3) gdalwarp will be enhanced to allow output to drivers that have only 
CreateCopy() capabilities such as the COG driver. It will try to avoid 
materializing the intermediate file when possible by using VRT capabilities, 
otherwise it will have to create a temporary TIFF file before creating 
CreateCopy()

4) Optimizations specific to JPEG-compressed imagery (YCbCr color space) with 
a 1-bit transparency channel, to minimize the number of HTTP range requests 
needed to read them.
As JPEG compression cannot include the transparency information, two TIFF IFD 
have to be created: one for YCbCr, and another one for alpha. Currently the 
COPY_SRC_OVERVIEWS=YES creation option of the GeoTIFF driver separates data 
for all the tiles of the color channels from data for all the tiles of the 
transparency channel. In practice, readers will generally want to access, for 
a same location, to data of both color and transparency channels. I will 
modify the writer to interleave blocks so that color and transparency 
information are contiguous. If COLOR_X_Y designates the tile with color 
information at coordinates X,Y (in tile coordinate space), the layout of data 
in the file will be: COLOR_0_0, TRANSPARENCY_0_0, COLOR_1_0, TRANSPARENCY_1_0, 
etc. The GeoTIFF driver will be improved to fetch together the color and 
transparency channel when such a layout is detected.

A further improvement is to be able to avoid completely to read the 
TileByteCount array of the color channel, and the TileByteCount & TileOffset 
arrays of the transparency channel. The trick is to reserve 4 bytes before the 
start of each COLOR_X_Y tile to indicate its size (those bytes will be 
'ghost', that is not in the range of data pointed by TileByCount&TileOffset). 
An optimized reader wanting to read tile i=Y*nb_tiles_in_width+X will start by 
reading the offsets of tile i and i+1: TileOffset_color[i] and 
TileOffset_color[i+1]. It will then seek to TileOffset_color[i] – 4 and read 4 
+ TileOffset_color[i+1] – TileOffset_color[i] bytes in a buffer. The first 4 
bytes of this buffer will indicate the number of bytes of the color tile, and 
thus it is possible to deduce the offset and size of the mask tile that is 
located at the end of the buffer. A TIFF metadata item will be written to 
indicate that such layout has been used (with an indication of the file size 
so as to be able to detect if the file has been later be altered in a non-
optimized way), so that optimized readers can adopt the above described 
behavior. This will require to extend the libtiff interface so that the user 
can directly provide the input buffer to decompress.
As the file will remain fully TIFF/BIGTIFF compliant, non-optimized readers 
(such as newer GDAL builds against an older external libtiff version, or 
previous GDAL versions) will still be able read it, loading values from the 4 
arrays instead of just one. 
Note: for other compressions types, a simpler version of the above 
optimization can still be done, by using TileOffset[i] and TileOffset[i+1], 
and saving the read of TileByteCount[i]
To sum up, with the improvements of this task, once the initial loading of 
metadata has been done, a GDAL ReadBlock(x,y) request will cause only two 
networks range requests: one to read TileOffset[i] and TileOffset[i+1] 
(potentially already cached if neighboring tiles have been previously accessed 
in the same process), and another one to read the imagery (+mask) data. 
Whereas currently, 6 might be needed for JPEG YcbCr+mask.

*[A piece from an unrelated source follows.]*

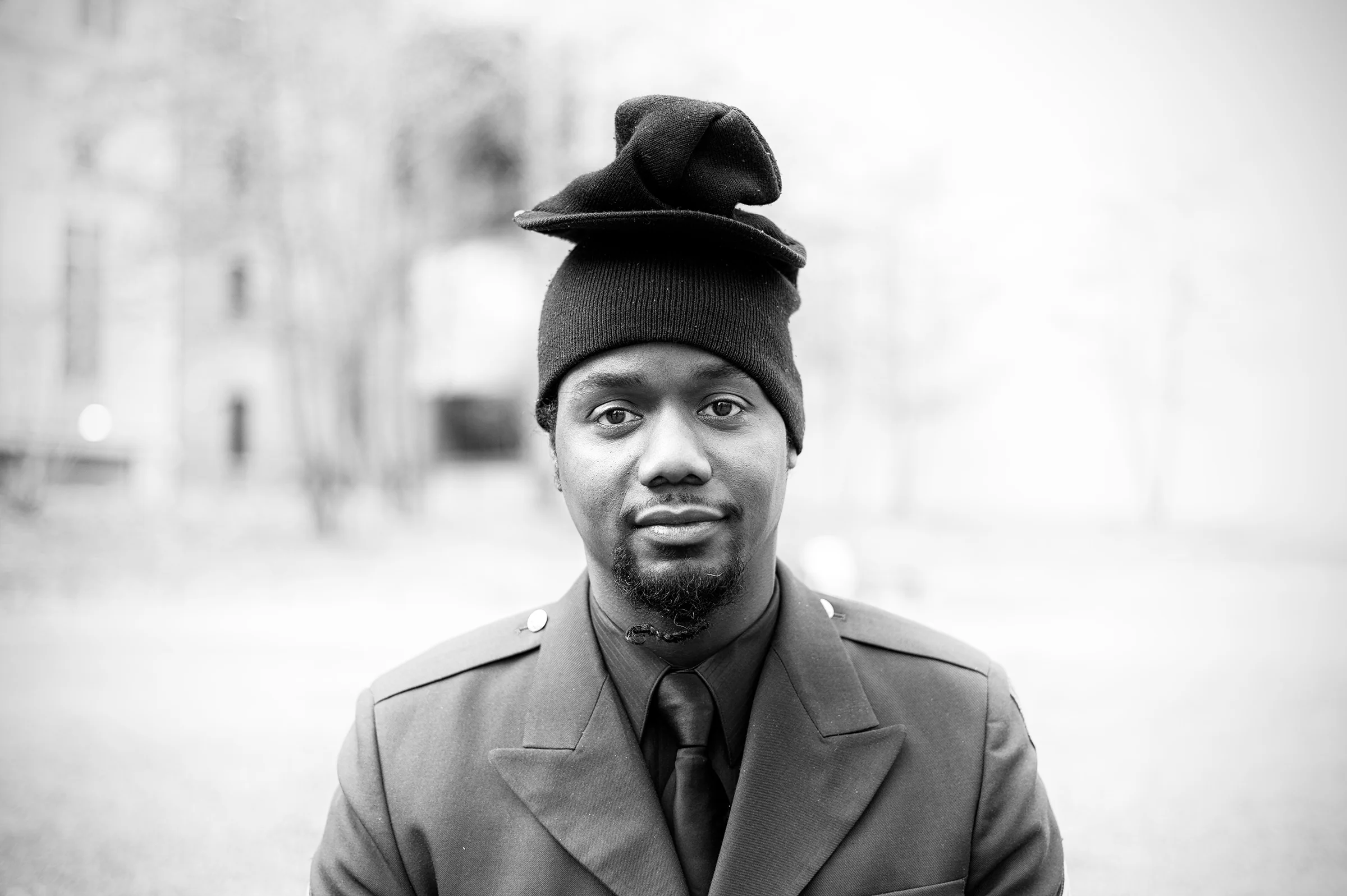 in his father's uniform | © preston lewis thomas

5) Optimizing the layout of the header of a COG file

The current layout of the header part of COG file is:
- TIFF / BigTIFF signature, followed by the offset of the first IFD (Image 
File Directory)
- IFD of full resolution image, that is the list of the tags and their value 
when it consists of a single numeric value, followed by the offset of the next 
- IFD. Its size is 2 + number_of_tags * 12 + 4 (or 2 + number_of_tags * 20 + 
8) bytes, so typically 200 bytes maximum
- Values of TIFF tags that don't fit inline in the IFD directory, such as 
TileOffsets and TileByteCounts arrays and GeoTIFF keys 
- IFD of first overview (typically subsampled by a factor of 2)
- Values of its tags that don't fit inline 
- ...
-IFD of last overview
- Values of its tags that don't fit inline 

When the COG file is not too large, the fact of having the TileOffsets and 
TileByteCounts between IFD descriptors is not an issue since they are not too 
large, and most TIFF readers will load their values when opening the IFD. But 
for an optimized reader such as GDAL with internal libtiff support (or with 
external libtiff after the optimization of task 4), loading the values of the 
TileOffsets/TileByteCounts arrays is only needed when accessing imagery.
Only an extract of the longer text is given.